In 2013, the Laser Institute of America gave Professor Keller the Arthur L. Schawlow Award, which recognizes individuals who have made distinguished contributions to applications of lasers in science, industry, or education and in 2015 she received the OSA Charles H. Townes Award and the Geoffey Frew Fellowship from the Australian Academy of Science to present the Frew lecture at the 2015 Australasian Conference on Optics, Lasers and Spectroscopy (AZCOP) in Adelaide and to visit universities and research institutions in a number of Australian cities which this public lecture forms a part of.

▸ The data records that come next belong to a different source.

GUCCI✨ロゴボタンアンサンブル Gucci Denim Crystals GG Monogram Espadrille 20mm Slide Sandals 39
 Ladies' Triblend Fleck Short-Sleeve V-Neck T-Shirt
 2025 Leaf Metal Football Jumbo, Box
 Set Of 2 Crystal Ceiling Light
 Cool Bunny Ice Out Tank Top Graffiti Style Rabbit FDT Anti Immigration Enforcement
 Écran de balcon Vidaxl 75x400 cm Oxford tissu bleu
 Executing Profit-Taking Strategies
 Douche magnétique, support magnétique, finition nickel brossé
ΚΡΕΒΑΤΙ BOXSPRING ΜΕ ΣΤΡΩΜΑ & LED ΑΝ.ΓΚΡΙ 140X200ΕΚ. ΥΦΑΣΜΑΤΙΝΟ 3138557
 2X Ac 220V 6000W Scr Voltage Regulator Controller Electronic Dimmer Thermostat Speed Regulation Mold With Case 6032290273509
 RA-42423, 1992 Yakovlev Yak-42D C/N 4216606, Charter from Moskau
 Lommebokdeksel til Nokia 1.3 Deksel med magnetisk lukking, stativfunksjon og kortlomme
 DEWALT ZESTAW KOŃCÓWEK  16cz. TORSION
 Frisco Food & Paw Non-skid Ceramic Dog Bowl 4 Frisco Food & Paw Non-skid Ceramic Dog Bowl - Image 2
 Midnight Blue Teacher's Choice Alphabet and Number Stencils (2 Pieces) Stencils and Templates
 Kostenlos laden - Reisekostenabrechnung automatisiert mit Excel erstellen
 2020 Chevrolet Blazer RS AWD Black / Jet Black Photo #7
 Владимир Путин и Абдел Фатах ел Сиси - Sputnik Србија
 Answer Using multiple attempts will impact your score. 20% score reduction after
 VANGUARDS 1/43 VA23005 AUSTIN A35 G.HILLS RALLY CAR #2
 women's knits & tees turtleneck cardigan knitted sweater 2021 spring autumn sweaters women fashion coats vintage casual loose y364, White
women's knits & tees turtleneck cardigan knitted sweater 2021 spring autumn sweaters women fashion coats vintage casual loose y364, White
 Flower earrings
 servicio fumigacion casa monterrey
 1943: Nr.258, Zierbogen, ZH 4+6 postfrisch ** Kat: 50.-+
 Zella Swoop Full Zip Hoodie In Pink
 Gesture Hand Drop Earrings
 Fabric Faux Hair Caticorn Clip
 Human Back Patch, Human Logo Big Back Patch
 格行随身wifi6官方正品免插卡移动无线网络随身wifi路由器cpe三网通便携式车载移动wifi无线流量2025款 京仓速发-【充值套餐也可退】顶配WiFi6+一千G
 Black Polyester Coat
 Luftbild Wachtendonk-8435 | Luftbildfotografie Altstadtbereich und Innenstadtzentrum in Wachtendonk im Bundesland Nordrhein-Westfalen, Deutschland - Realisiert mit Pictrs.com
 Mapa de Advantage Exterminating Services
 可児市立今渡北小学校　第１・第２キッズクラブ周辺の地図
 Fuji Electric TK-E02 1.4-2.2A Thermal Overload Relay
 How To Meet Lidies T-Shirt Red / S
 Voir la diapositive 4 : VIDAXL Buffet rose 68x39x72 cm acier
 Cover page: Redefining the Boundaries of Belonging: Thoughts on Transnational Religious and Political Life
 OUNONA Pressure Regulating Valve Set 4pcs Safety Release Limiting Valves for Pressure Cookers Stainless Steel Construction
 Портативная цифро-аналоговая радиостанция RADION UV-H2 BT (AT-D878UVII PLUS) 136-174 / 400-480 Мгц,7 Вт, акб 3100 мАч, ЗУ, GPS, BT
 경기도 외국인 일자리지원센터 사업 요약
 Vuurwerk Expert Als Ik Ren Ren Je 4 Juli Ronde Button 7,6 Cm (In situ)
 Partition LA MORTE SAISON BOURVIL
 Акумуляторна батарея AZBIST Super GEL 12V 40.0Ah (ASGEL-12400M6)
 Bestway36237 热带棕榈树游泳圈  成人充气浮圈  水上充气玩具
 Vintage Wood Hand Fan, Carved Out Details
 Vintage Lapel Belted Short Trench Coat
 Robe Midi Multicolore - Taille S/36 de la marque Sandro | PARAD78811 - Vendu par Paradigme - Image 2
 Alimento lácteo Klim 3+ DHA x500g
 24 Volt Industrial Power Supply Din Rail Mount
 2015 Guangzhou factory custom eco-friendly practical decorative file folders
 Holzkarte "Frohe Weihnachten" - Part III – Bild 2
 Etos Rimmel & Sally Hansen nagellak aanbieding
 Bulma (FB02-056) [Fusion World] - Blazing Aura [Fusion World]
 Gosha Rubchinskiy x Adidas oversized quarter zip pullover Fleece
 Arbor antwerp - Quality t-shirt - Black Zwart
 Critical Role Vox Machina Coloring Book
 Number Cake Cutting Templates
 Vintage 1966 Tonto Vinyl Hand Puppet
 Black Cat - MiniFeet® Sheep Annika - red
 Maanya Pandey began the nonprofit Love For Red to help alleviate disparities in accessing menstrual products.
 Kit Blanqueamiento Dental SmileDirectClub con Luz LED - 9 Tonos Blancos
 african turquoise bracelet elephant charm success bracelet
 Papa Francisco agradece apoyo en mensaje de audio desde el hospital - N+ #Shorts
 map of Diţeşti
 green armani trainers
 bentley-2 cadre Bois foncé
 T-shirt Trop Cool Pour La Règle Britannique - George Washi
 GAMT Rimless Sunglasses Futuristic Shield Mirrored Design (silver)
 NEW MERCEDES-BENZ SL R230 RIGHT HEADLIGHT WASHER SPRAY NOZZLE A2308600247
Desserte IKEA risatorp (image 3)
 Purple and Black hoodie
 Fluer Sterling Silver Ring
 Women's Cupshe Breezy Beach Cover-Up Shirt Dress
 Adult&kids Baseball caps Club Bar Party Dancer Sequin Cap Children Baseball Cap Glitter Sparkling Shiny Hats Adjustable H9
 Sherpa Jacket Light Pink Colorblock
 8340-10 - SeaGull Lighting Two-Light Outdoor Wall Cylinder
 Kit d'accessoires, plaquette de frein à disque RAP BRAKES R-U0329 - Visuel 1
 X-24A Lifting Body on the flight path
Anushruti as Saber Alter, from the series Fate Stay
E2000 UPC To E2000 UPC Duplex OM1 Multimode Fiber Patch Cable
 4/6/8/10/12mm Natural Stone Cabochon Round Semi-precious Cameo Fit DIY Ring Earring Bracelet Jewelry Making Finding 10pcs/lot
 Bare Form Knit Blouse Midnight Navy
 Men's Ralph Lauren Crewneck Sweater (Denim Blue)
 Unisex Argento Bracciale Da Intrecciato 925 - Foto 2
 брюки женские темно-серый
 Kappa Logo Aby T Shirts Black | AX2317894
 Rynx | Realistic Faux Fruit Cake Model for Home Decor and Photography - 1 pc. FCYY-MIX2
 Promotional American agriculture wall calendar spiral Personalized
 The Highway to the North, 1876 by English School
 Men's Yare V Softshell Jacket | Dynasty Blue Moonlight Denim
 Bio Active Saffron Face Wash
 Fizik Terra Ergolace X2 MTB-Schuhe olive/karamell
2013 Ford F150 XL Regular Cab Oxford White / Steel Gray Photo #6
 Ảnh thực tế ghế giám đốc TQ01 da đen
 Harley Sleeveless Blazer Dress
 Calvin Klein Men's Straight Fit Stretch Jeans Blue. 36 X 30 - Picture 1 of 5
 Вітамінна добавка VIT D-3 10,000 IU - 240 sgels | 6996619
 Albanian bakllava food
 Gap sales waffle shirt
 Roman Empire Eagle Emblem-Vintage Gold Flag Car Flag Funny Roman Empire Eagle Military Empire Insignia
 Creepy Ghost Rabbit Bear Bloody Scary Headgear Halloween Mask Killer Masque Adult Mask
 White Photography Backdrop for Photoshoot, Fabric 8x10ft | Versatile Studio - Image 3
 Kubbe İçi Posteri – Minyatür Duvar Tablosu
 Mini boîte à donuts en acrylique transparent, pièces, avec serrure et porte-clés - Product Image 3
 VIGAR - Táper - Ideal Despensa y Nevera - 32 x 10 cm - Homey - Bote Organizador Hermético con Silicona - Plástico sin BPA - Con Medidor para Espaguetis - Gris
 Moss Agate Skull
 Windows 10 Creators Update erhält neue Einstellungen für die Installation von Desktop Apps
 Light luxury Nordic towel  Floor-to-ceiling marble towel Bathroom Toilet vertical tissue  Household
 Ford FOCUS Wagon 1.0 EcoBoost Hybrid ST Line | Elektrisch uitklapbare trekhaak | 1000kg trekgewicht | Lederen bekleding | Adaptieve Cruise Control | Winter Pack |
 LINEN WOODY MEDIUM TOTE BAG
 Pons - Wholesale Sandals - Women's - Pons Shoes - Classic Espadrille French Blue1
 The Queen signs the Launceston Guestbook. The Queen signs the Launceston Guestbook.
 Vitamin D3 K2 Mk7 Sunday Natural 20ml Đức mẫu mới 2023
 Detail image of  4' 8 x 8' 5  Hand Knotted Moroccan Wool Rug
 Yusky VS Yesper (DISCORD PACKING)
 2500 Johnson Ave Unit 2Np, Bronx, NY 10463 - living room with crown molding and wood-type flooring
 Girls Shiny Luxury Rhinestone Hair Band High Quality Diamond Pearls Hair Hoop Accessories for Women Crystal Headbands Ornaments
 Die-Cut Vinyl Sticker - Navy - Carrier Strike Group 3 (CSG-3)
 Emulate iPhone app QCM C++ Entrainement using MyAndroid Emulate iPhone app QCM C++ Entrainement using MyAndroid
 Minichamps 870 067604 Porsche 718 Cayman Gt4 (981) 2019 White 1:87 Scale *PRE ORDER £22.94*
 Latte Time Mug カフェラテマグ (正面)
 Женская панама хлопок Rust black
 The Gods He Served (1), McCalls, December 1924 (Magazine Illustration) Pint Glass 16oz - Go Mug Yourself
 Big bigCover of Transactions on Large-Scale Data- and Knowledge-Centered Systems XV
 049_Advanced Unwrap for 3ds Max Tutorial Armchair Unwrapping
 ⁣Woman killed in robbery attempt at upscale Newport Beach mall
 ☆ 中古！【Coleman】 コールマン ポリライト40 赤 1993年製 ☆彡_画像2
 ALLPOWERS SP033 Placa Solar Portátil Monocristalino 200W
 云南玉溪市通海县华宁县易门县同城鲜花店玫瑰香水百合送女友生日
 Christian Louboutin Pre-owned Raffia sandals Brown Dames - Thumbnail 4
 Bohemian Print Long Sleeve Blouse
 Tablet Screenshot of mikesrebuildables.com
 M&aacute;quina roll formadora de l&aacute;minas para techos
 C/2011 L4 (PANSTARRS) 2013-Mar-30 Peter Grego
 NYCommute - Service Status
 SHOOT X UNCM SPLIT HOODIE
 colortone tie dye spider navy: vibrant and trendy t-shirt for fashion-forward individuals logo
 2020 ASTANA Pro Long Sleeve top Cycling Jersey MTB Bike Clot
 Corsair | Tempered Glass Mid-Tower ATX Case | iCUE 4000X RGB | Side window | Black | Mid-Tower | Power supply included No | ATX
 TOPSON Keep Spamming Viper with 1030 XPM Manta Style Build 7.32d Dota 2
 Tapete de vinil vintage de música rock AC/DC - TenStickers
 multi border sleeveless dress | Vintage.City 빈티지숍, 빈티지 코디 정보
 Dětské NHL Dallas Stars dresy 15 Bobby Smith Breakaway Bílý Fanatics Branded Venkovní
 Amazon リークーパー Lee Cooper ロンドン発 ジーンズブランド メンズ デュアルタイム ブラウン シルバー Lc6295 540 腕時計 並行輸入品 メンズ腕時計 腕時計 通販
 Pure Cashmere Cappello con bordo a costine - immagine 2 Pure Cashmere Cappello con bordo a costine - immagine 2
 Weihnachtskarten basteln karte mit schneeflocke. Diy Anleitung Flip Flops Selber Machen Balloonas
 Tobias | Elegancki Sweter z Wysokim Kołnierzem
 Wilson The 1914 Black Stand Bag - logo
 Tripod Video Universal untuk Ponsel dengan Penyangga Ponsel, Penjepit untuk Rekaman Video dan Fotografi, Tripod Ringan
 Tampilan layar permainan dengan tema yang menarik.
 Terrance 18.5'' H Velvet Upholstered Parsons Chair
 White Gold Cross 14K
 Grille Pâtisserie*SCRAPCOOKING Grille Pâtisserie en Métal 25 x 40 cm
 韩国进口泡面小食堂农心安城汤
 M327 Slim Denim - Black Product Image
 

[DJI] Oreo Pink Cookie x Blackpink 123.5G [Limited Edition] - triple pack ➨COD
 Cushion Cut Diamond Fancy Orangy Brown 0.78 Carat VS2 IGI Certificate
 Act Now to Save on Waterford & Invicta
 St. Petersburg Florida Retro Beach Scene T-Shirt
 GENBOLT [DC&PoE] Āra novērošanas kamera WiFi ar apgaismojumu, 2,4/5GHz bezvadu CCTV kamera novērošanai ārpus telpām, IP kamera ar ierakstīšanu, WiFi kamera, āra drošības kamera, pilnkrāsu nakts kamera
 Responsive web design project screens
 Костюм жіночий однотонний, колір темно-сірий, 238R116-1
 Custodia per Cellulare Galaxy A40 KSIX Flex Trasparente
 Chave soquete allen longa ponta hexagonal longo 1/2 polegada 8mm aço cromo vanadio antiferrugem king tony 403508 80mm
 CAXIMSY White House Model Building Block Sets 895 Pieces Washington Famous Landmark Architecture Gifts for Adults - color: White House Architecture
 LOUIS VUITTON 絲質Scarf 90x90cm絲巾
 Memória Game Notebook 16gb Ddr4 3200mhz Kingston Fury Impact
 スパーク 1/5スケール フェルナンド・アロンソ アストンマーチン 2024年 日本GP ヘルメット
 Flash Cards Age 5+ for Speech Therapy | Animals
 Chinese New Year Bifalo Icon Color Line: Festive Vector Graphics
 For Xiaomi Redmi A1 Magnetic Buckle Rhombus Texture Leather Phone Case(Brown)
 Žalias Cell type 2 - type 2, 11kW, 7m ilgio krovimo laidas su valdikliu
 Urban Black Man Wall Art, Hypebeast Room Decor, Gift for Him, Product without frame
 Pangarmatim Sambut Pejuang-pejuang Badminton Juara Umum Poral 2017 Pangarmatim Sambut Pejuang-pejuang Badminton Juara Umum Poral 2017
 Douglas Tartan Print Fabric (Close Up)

Whether at her coffee machine in the morning, on her way to work in the car or at her computer in the office – Ursula Keller keeps seeing items in her daily life that were produced with the aid of laser processing. Nowadays, these powerful light sources are used in many places to shape surfaces or cut materials to the right size, and Keller has had a major hand in this. As a professor of experimental physics over 20 years ago, she developed SESAM technology that enables powerful laser light to be focused into ultrashort pulses. And it is these same, short, high-energy pulses that make it possible to process materials in a gentle, precise way. The further development of the lasers, however, is only part of Ursula Keller’s work. For her group also uses them to study ultrafast processes. Her cutting edge laser technology enabled for example the world’s most accurate clocks – the optical clock and the attoclock. With the optical clock we can measure a few centimeters of height differences as predicted by Einstein’s general relativity theory or can help to discover new planets. With the attoclock we can study the tunnel effect, a quantum-mechanical phenomenon that was previously impossible to investigate experimentally because it takes place at an inconceivable speed. In concrete terms, it concerns how quickly an electron excited with light can be transported away from an atom which can take place in the space of attoseconds, i.e. a billionths of a billionth of a second. This talk will give a general introduction how we can access a new regime of measurements in our “ultrafast world” which has a big impact on our everyday lives. For without these extremely speedy processes there would be no photosynthesis, no breathing and no eyesight.